Let $K^*$ be a self-adjoint operator on $L^2(\mathbb{R}^3),$ and assume $(K^*)^4 := K^* \circ K^* \circ K^* \circ K^*$ is a Hilbert-Schmidt operator on $L^2(\mathbb{R}^3).$
Will $K^*$ be a compact operator on $L^2(\mathbb{R}^3)?$
I ask this question because I am reading the proof for Theorem 2.1 of the paper of Golse and Poupaud. The following is its proof.
I guess this is true. But I can't provide a rigorous proof here.
Heuristically, since $(K^∗)^4$ is a Hilbert-Schmidt operator, it's compact. Then, with its self-adjointness, $(K^∗)^4$ is similar to a diagonalized infinite matrix D (by spectral theorem) and its trace is finite. So $K^∗$ looks like a diagonalized matrix $\sqrt[4]{D}.$ (Here, we use the self-adjointness of $K^*$ to ensure $(K^∗)^4$ is nonnegative).
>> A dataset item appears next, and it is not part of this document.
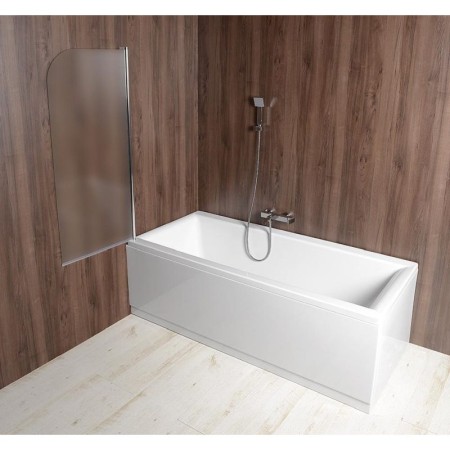 Aqualine VILMA parawan wannowy 60x140cm chrom lewy szkło matowe AQ6018L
Then we see the operator $K^∗$ can be approximated by truncating $\sqrt[4]{D}$ to finite matrices.
I am appreciated to any discussion and hint.
Let $T$ be a bounded self adjoint operator on a Hilbert space (to avoid the notation $K^*$ which looks like the adjoint of the operator $K$) and suppose that $T^n$ is compact for some positive integer $n$ (such as $n=4$). Then $T$ is compact.
The reason is as follows: $T^{2n}$ is positive and compact and hence so is $(T^{2n})^{1/p}$ for every $p>0$. Moreover $$ T = \lim_{p\to\infty} (T^{2n})^{1/p}T, $$ So $T$ is also compact.